Single by David Nail

from the album Fighter
- Released: July 20, 2015
- Genre: Country; country pop;
- Length: 3:09
- Label: MCA Nashville
- Songwriters: Jonathan Singleton; Deric Ruttan;
- Producers: Chuck Ainlay; Frank Liddell; Glenn Worf;

David Nail singles chronology
| "Kiss You Tonight" (2014) | "Night's on Fire" (2015) | "Good at Tonight" (2016) |

= Night's on Fire =

"Night's on Fire" is a song recorded by American country music artist David Nail. It was released to radio on July 20, 2015 as the lead single to his fourth studio album Fighter. The song was written by Jonathan Singleton and Deric Ruttan.

==Critical reception==
An uncredited Taste of Country review stated that the song "borrows from Arcade Fire for a pop-rock-infused story about two lovers enjoying the moonlight like country kids do. It hits you across the face from the very first note. Sonically, it’s a very thick track.
Italian magazine "Vanity Fair.it" praised the song in its review, saying that "Night's on Fires country atmospheres will carry the listener in the USA in the blink of an eye". The magazine also rated the song number 11 on its list of the 24 Greatest Italian Summer Hits.

==Personnel==
- Chris McHugh - drums, percussion
- Jerry McPherson - electric guitar
- David Nail - lead vocals
- Jonathan Singleton - acoustic guitar, background vocals
- Ilya Toshinsky - banjo, acoustic guitar
- Glenn Worf - bass guitar

==Commercial performance==
The song debuted on the Hot Country Songs chart at No. 43 on its release, and No. 40 on the Country Digital Songs chart with 6,200 copies sold. It debuted on the Country Airplay chart at No. 53 the following week. The song peaked at No. 14 on Country Airplay on chart dated July 23, 2016, and No. 17 on Hot Country Songs a week later.
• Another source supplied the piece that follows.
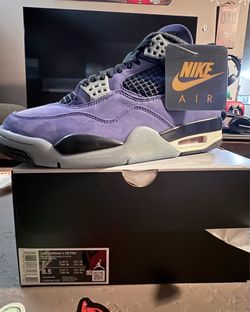 Jordan 4 size 7in men 8.5 in women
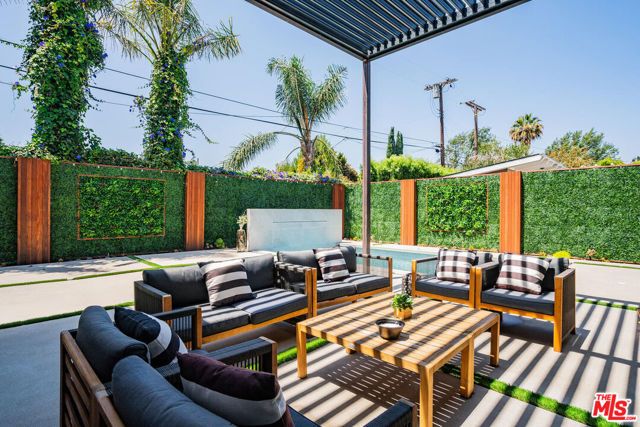 13454 Albers Street, Sherman Oaks, CA 91401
The song has sold 198,000 copies in the US as of August 2016.
The song also charted on Billboard's 2016 Year-End Country Airplay Songs chart at No. 52.

==Music video==
The music video was directed by Justin Key and premiered in November 2015. It consists of footage from Nail's 2016 tour.

==Chart performance==

===Weekly charts===

| Chart (2015–2016) | Peak position |
|---|---|
| Canada Country (Billboard) | 32 |
| US Billboard Hot 100 | 81 |
| US Country Airplay (Billboard) | 14 |
| US Hot Country Songs (Billboard) | 17 |

===Year end charts===

| Chart (2016) | Position |
|---|---|
| US Country Airplay (Billboard) | 52 |
| US Hot Country Songs (Billboard) | 47 |

==Certifications==

Certifications for Night's on Fire
| Region | Certification | Certified units/sales |
| United States (RIAA) | Platinum | 1,000,000^{‡} |
^{‡} Sales+streaming figures based on certification alone.